Ensuite, une autre problématique plusieurs fois évoquée par le collectif des quinze géographes normands est celle de la gouvernance régionale et de la répartition équitable des tâches entre Caen et Rouen. Les Normands sont longtemps restés indifférents vis-à-vis de cette réunification prétextant l’inutilité de cette question. Cette dernière a pourtant été l’occasion de faire ressurgir une identité et des racines communes. La question maintenant est de savoir si faire de la culture et de l’histoire de la Normandie un projet régional d’attractivité et de compétitivité sera efficace.

L’absence d’un réel projet pour la Normandie vient essentiellement du fait que depuis 1956, l’État aménageur a coupé en deux la Normandie. Depuis, l’ex-Haute regardant vers Paris et l’ex-Basse regardant vers le Grand-Ouest n’ont jamais réussi à mettre en place de grands projets en commun. Pourtant, singulièrement, la Normandie est riche de potentialités socio-économiques et territoriales donc tout l’intérêt de la fusion est de lui donner un poids suffisant pour la rendre attractive.

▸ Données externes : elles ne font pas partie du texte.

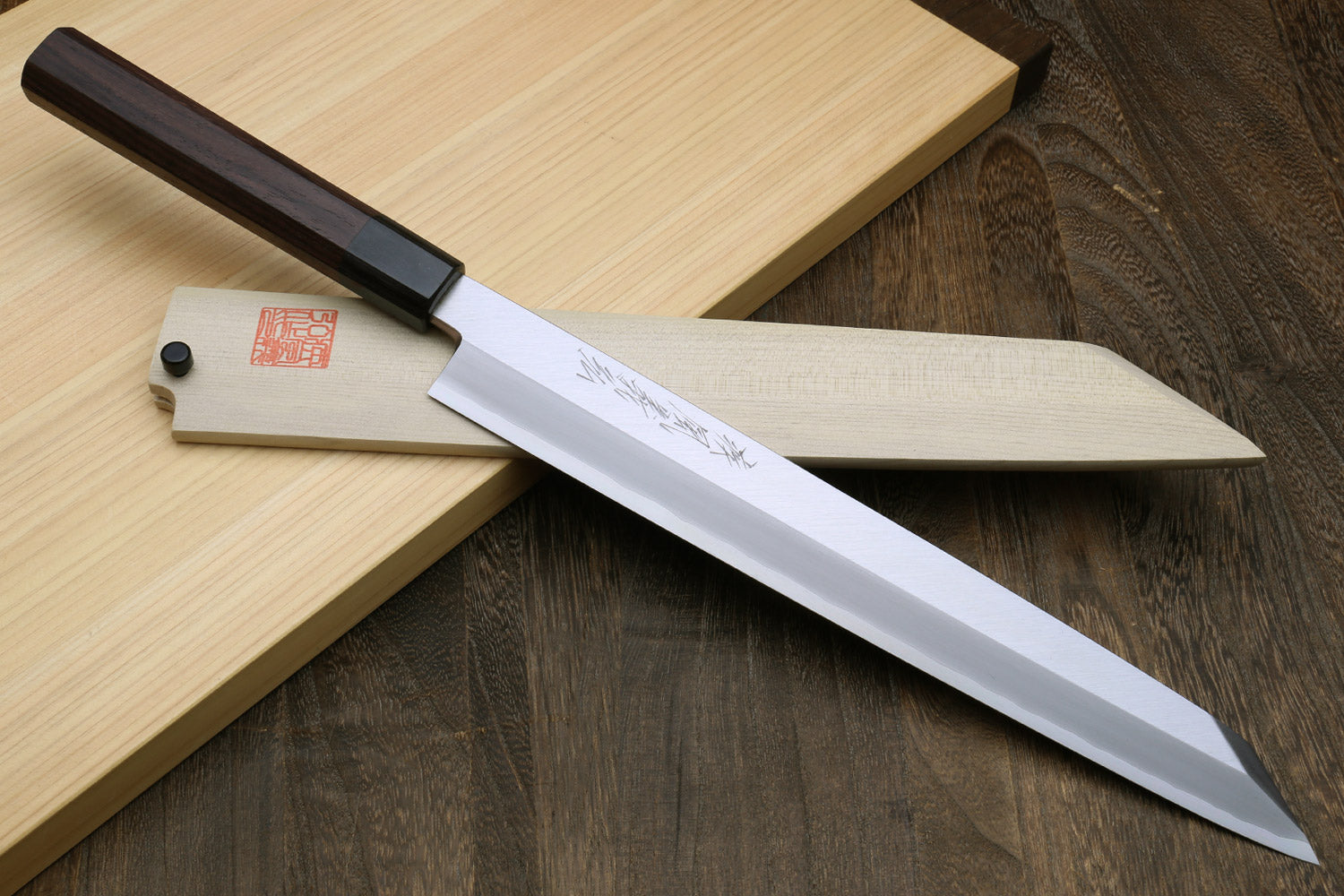 Long sashimi knife with silver stainless blade and dark rosewood handle on wood boards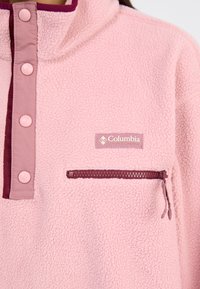 Pull en polaire rose clair avec un col montant, comportant des boutons d'accent violets et une poche zippée, ainsi qu'un patch du logo Columbia.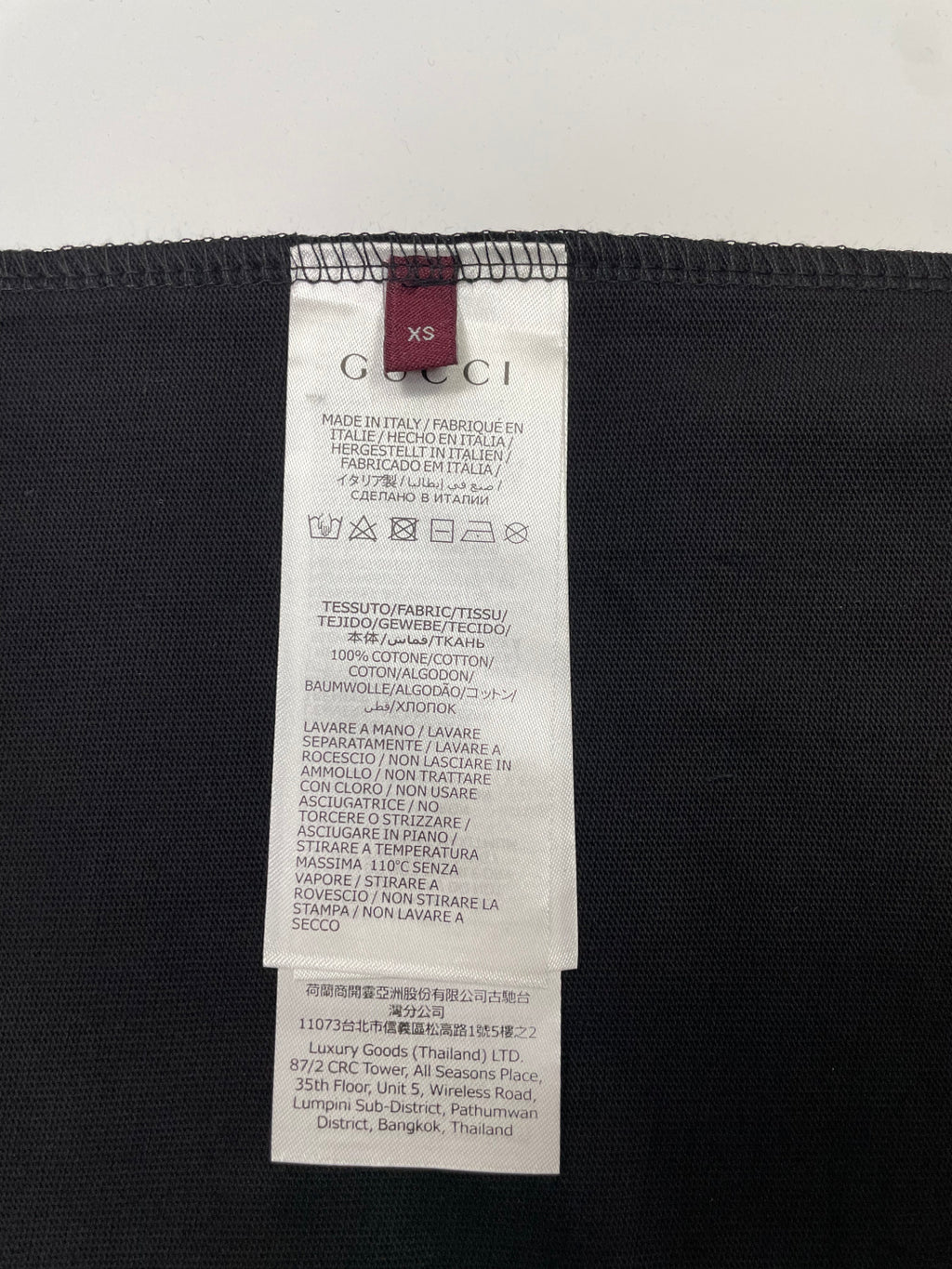 Gucci T-shirt inner size and care label at collar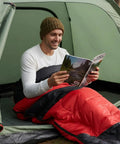 Person sitting in tent using Cozy Cold Weather Sleeping Bag For Adults Perfect For Backpacking And Camping Lightweight And Packable Gear For Hiking Waterproof 190T Polyester Shell Durable Red.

Enfin, dans un contexte de compétition accrue entre les territoires, la Normandie doit espérer une meilleure coopération entre tous ses acteurs publics et privés avec une vision stratégique à long terme (à l’image des objectifs du CESER de Bretagne sur 20 ou 30 ans). La réflexion en cours sur le projet Axe Seine lui constitue un moyen de consolider ses activités économiques, notamment dans les filières industrielle et logistique où elle joue actuellement les premiers rôles au niveau national. Ce projet territorial associant la métropole parisienne (projet du Grand Paris) permettra de renforcer son attractivité et d’attirer de nouveaux investisseurs en faisant l’hypothèse d’une meilleure accessibilité ferroviaire.

Les récents évènements organisés par la région Normandie rassemblant les grands acteurs économiques et les citoyens du territoire et la volonté de créer une marque territoriale sont autant de signaux positifs. À la Normandie d’affirmer ses ambitions et de faire rugir ses léopards.